In order to generate sequences with the F6H function more effectively, we fine-tune the pre-trained diffusion model with the filtered dataset by selecting sequences with more than 30% amino acid identity to the CYP706X subfamily and clustering them with 90% sequence similarity. Finally, a total of 19,234 sequences formed a fine-tuning dataset. Meanwhile, we assigned different sample weights to 30 sequences from the CYP706X subfamily and other sequences in the fine-tuning dataset. The sampling weight ratio between the 30 sequences from the CYP706X subfamily and other sequences was 600:1. The P450Diffusion was obtained after 150,500 training steps (Fig. S24B).

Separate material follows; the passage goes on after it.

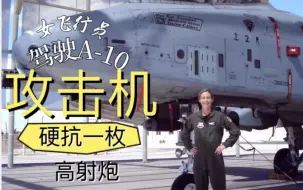 Descargar video: 女飞行员驾驶A-10攻击机硬抗一枚地对空导弹，却安然返回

The P450Diffusion architecture to generate P450 sequences was based on the diffusion model. The diffusion model is composed of a U-Net with self-attention layers. The main difference with traditional U-Net is that the up-sampling and down-sampling blocks support an extra timestep argument on their forward pass. This is done by embedding the timestep linearly into the convolutions. In the training process, the network takes a batch of noisy protein sequences of shape (batch size, channels, height, and width) and a batch of noise levels of shape (batch size, 1) as input, and returns a tensor of shape (batch size, channels, height, and width). In this model, we used a mean squared error loss (MSELoss) function and optimized the networks with the AdamW algorithm, setting the learning rate to 2e-4. Our model was implemented in PyTorch and trained on 6 GeForce RTX 3090 systems for about 150,000 steps, which took approximately 63 h.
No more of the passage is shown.